Throughout our Nation's history, Americans have come together in moments of great challenge and uncertainty to humble themselves in prayer. In 1775, as the Continental Congress began the task of forging a new Nation, colonists were asked to observe a day of quiet humiliation and prayer. Almost a century later, as the flames of the Civil War burned from north to south, President Lincoln and the Congress once again asked the American people to pray as the fate of their Nation hung in the balance.

It is in that spirit of unity and reflection that we once again designate the first Thursday in May as the National Day of Prayer. Let us remember those who came before us, and let us each give thanks for the courage and compassion shown by so many in this country and around the world.

On this day of unity and prayer, let us also honor the service and sacrifice of the men and women of the United States Armed Forces. We celebrate their commitment to uphold our highest ideals, and we recognize that it is because of them that we continue to live in a Nation where people of all faiths can worship or not worship according to the dictates of their conscience.

Let us also use this day to come together in a moment of peace and goodwill.
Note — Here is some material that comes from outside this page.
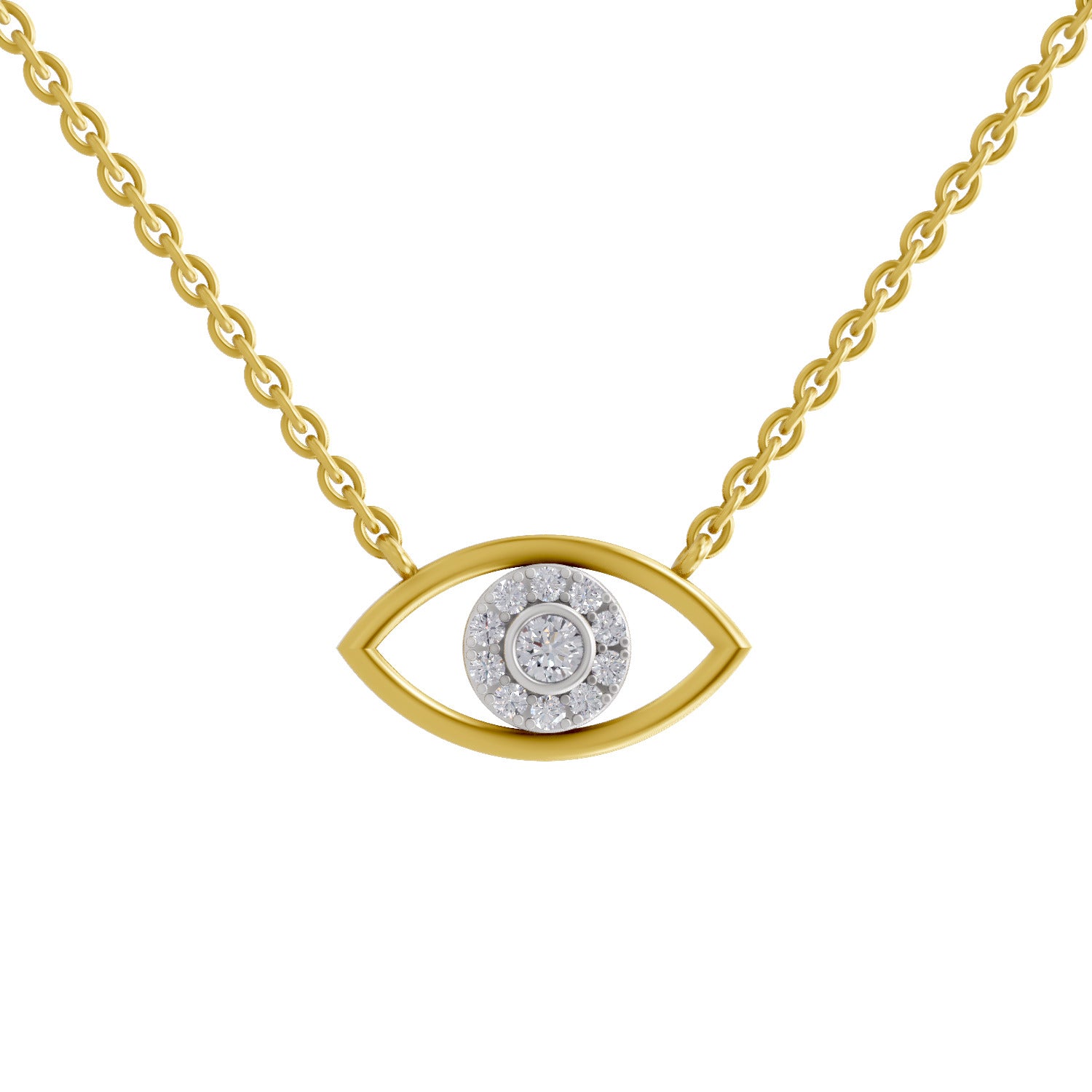 0.25 Ct Round Shape | 925 Sterling Silver Gold Plated Evil Eye Pendant Necklace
Our world grows smaller by the day, and our varied beliefs can bring us together to feed the hungry and comfort the afflicted; to make peace where there is strife; and to lift up those who have fallen on hard times. As we observe this day of prayer, we remember the one law that binds all great religions together: the Golden Rule, and its call to love one another; to understand one another; and to treat with dignity and respect those with whom we share a brief moment on this Earth.

The Congress, by Public Law 100-307, as amended, has called on the President to issue each year a proclamation designating the first Thursday in May as a "National Day of Prayer."
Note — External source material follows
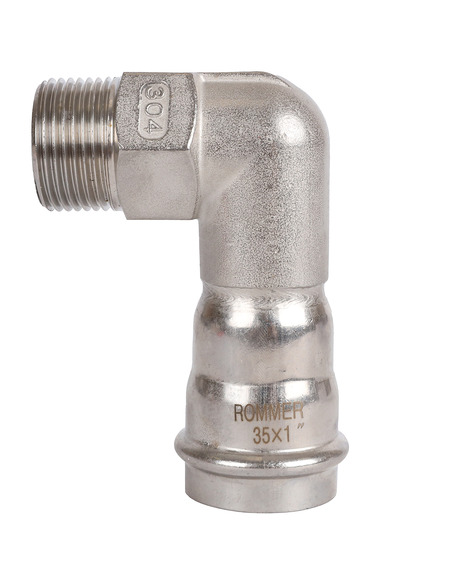 Угольник ROMMER 35х1" НР для нержавеющих труб пресс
NOW, THEREFORE, I, BARACK OBAMA, President of the United States of America, do hereby proclaim May 7, 2009, as a National Day of Prayer. I call upon Americans to pray in thanksgiving for our freedoms and blessings and to ask for God's continued guidance, grace, and protection for this land that we love.

IN WITNESS WHEREOF, I have hereunto set my hand this seventh day of May, in the year of our Lord two thousand nine, and of the Independence of the United States of America the two hundred and thirty-third.

BARACK OBAMA





This piece is also posted at: http://www.cincinnatibeacon.com

1 comment:

PenMan said...

First, I see what Bronson's problem is, and I think it makes sense: he doesn't like that Obama says one thing and acts one way when it comes to religion when he's campaigning and another way when he's in office. I guess it looks insincere and like a dishonest marketing scheme to get votes.
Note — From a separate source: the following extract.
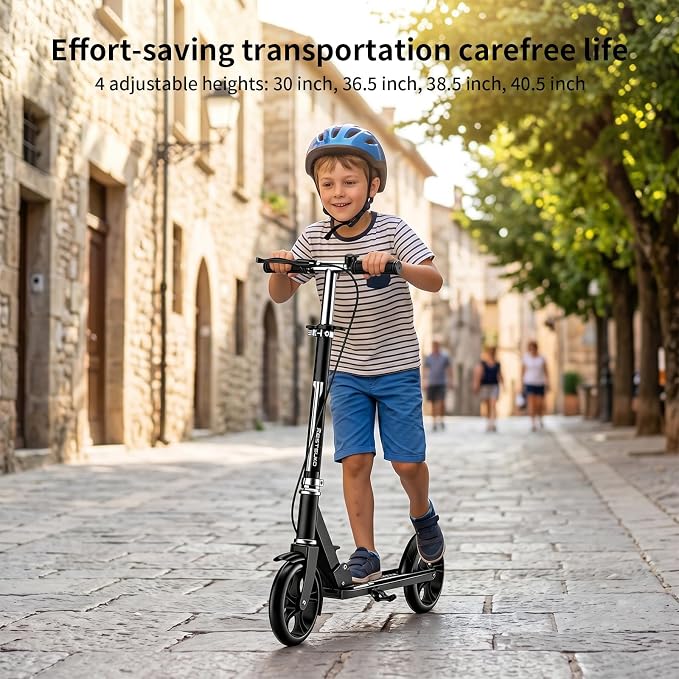 Scooters for Kids 8-12, Teens & Adults - Foldable&Portable Commuter Scooter with 8" Wheels, Bell, Hand Brake & Adjustable Height 30"-40.5", 240 lbs, Manual Push Scooter for Campus & Park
On the other hand, as a non-believer of any faith (except for materialist-based atheism, I suppose), I don't like this talk about religion being inseparable to society. I can see how morality or ethics is, but not religion. After all, I believe ethics is logically independent of any deity.

Also, I give credit to our founding fathers (though I'm sure it took a lot more people and maybe even some women (oh!) to get this country to work) for their role in founding this country, but there's only so much about them that we have to continue to glorify. Yes, they were Christian, but they weren't like all Christians in this country (after all there's different types), and it's not like they created the perfect product right a way. After all, they were also slave owners. We had to get rid of that, didn't we? They also didn't allow women and non-land owners to vote. Had to strike that down as well, didn't we?

So I don't like that he used this appeal to our founding fathers as a means to discredit Obama. After all, they wouldn't have voted/allowed Obama to be president.